Gerade die zweite Hälfte, in der sich ein Martyrium aneinanderreiht, zeugt davon - nach einem großen Zeitsprung scheint es so, als wolle "3096 Tage" noch rasch die grausamsten Eckpunkte des Falles nacherzählen, um dann zum Finale zu kommen. Es lässt sich nicht wegargumentieren, dass der Film in der Ausarbeitung dieser Szenen packend und schockierend ist - gerade die atmosphärischen Bilder des meisterhaften Kameramanns Michael Ballhaus sorgen dafür, dass sich das erschreckende Kammerspiel immer wieder ins Mark brennt. Wirklich in die Tiefe geht der Film aber nicht, filmt diese Szenarien eher nur ab statt sich den Figuren wirklich anzunähern.
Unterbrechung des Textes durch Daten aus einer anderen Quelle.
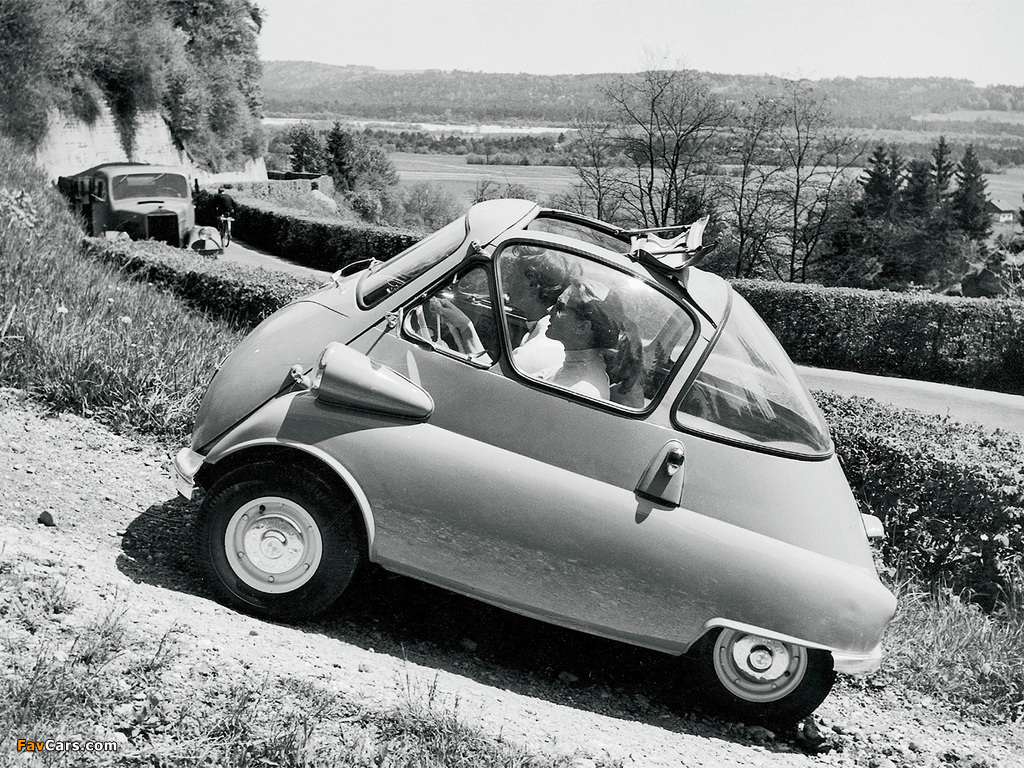 Pictures of BMW Isetta 250 1955–56 (1024 x 768)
Das wäre bei solch einem verachtenswerten Individuum wie Priklopil wohl ohnehin nicht wünschenswert und möglich, doch spielt der Film nicht mal mit irgendwelchen Ambivalenzen und scheint die Überschreitung von diversen Grenzen (besonders wenn es um sexuellen Missbrauch geht) gar selbst noch zu zelebrieren. Obwohl der Spannungsaufbau in einigen Momenten, trotzdessen man den Ausgang der Geschichte kennt, höchst gelungen ist, mag sich ein Mittendrin-Gefühl nicht einstellen... obwohl sich jeder vor und hinter der Kamera um dieses wahnsinnig zu bemühen scheint.
Problematisch ist dabei auch die Besetzung der britischen Schauspielerin Antonia Campbell-Hughes. An ihrer schauspielerisch intensiven Leistung lässt sich nichts aussetzen und dass sie der wahren Natascha Kampusch optisch praktisch gar nicht ähnelt, lässt sich ebenfalls verschmerzen. Trotzdem wirkt sie im Alter von 30 Jahren schlichtweg einfach nie glaubwürdig als eine vierzehnjährige Teenagerin, die ihre erste Periode entdeckt oder ihren Körper akzeptieren muss. Die Gründe dafür liegen natürlich auf der Hand, doch muss man sich fragen, wieso man bei dieser Besetzung so danebengriff, wenn der restliche Cast so sehr stimmt. Die junge Natascha wird zum Beispiel von der damaligen Kinderschauspielerin Amelia Pidgeon dargestellt, die in ihren Szenen eine wahrhaftige Intensität darbietet, die es schwer machen, da noch hinzuschauen. Wenn eine Haarwäsche urplötzlich vollkommen eskaliert oder Pidgeon ihren Entführer durch ein Fenster um eine Mahlzeit anfleht, verschmilzt sie praktisch mit der realen Person, die sie hier darbietet. Auch die Leistung von Thure Lindhardt weiß zu gefallen, auch wenn sie immer wieder ganz nah an der Grenze zur typischen Psychopathen-Überzeichnung schrammt - trotzdem agiert er im Zusammenspiel mit seinen beiden Spielpartnerinnen wahnsinnig boshaft, bis man tatsächlich echte Angst vor ihm bekommen kann.

Fazit: Der wahre, tragische Entführungsfall verkommt in dieser Verfilmung zur generischen Effekthascherei, die die grausamsten Eckpunkte nahtlos aneinanderrreiht. Trotz zumeist toller Darsteller (wenn auch einer eklatanten Fehlbesetzung) sowie einer intensiven Inszenierung, hinterlässt dieser Film einen sehr, sehr faden Beigeschmack.